Once, living in a building with celebrity residents or prewar pedigree was the goal of every nouveau riche New Yorker. Trump International, anyone? Yes, please, 740 Park.
Now upwardly mobile denizens of our great city have slightly different aspirations: starchitect developments; that is, buildings designed by jet-setting, Pritzker-prize winning architectural wizards, typically of the old guard variety. While some have suggested that the starchitect craze is the result of pure unadulterated vanity, it turns out that buildings have made a pretty penny since they began to sprout up a decade ago, Crain’s reports.
Highrises designed by the likes of Frank Gehry, Richard Meier and Jean Nouvel, however, don’t come cheap and require costly initial investments. In addition to keeping the precious architects content with a constant supply of imported mineral water and diamond encrusted drafting templates, the triple-premium materials and fixtures used in these buildings come with steep price tags.
While naysayers initially panned the starchitect craze as a pre-crash pipe dream incompatible with post-recession market realities, buildings like Gehry’s “New York” at 8 Spruce Street have actually been doing remarkably well during the downtown, according to Crain’s.
Frank Gehry’s 76-story rental just south of the Brooklyn Bridge, built by Forest City Ratner, has attracted much critical acclaim. And it’s filling up quite nicely, despite studio rents that typically top $3,000, according to Susi Yu, Forest City’s senior vice president, retail development.
Similarly, everybody’s favorite West Village condo, Superior Ink, has been selling big and legitimizing the starchitect craze. Designed by Robert A.M. Stern, the 17-story building was an investment, to say the least.
Its cost per square foot of construction made the project “one of the most expensive buildings we’ve built,” said Bruce A. Beal Jr., an executive vice president of Related Companies, Superior Ink’s developer. On the other hand, sales for tower units, which started well before construction was completed in 2007, “exceeded our expectations,” he said.
Interest is still high.

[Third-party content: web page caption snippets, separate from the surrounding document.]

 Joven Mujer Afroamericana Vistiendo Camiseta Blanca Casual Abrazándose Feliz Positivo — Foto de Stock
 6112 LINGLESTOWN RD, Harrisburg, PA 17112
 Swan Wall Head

One buyer who bought an apartment for $25 million in 2009, resold it a year later for $31.5 million, which worked out to a whopping $4,983 per square foot.

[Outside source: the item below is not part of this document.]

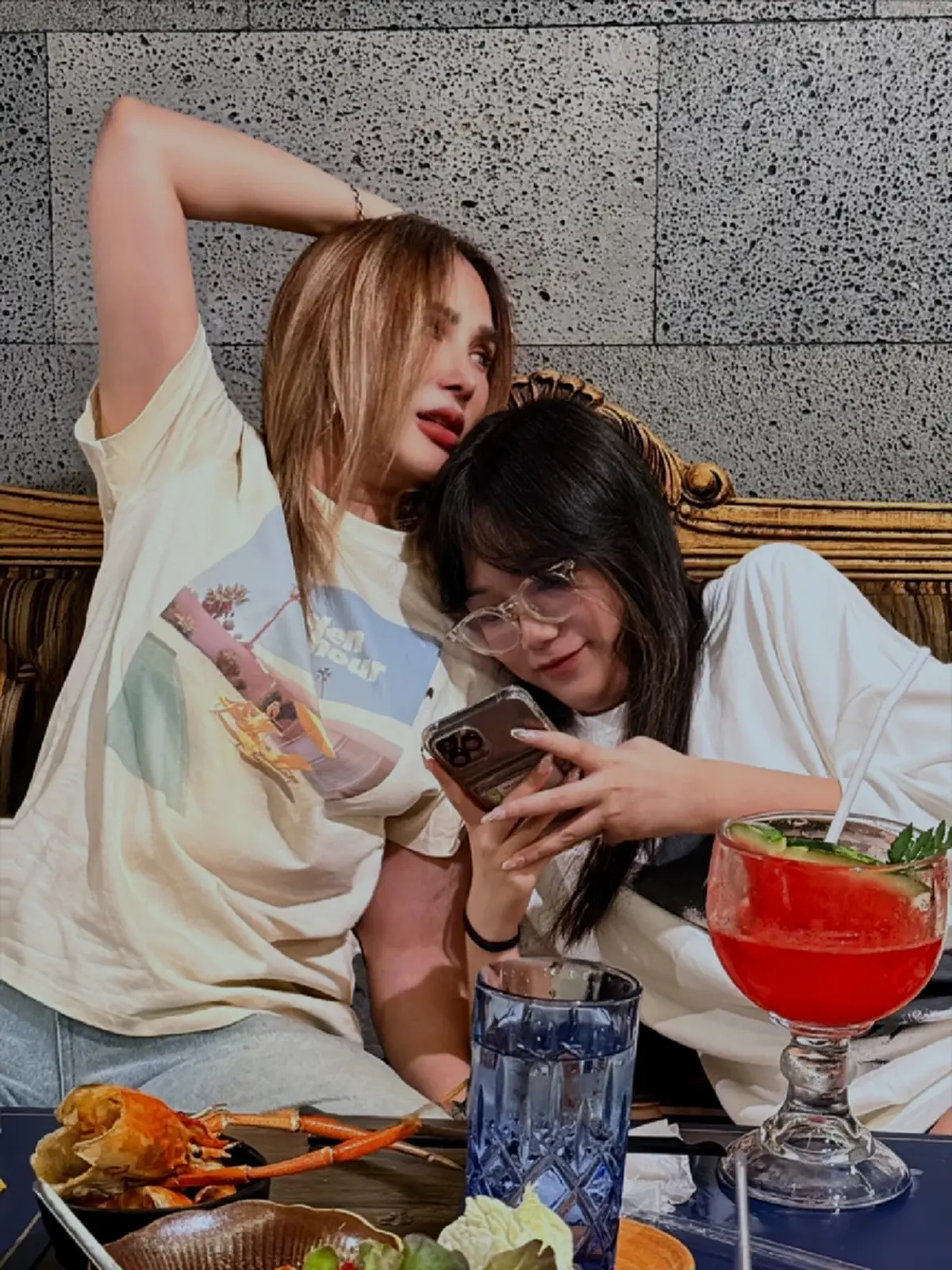  เปิดภาพล่าสุด "หลิว มนัสวีร์" อดีตดาราดังยุค 90 ในวัย 51 ปี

Crain’s looks at the beloved 40 Bond and how the phenomenon has even spread to the outer boroughs, where Richard Meier’s On Prospect Park has, after some initial hiccups, become a smash success. The takeaway is clear: the post-boom era demands better architecture, not worse. Lest we slide back into the old reality of junkbox built at cut rates, the city will not only be aesthetically but economically worse off.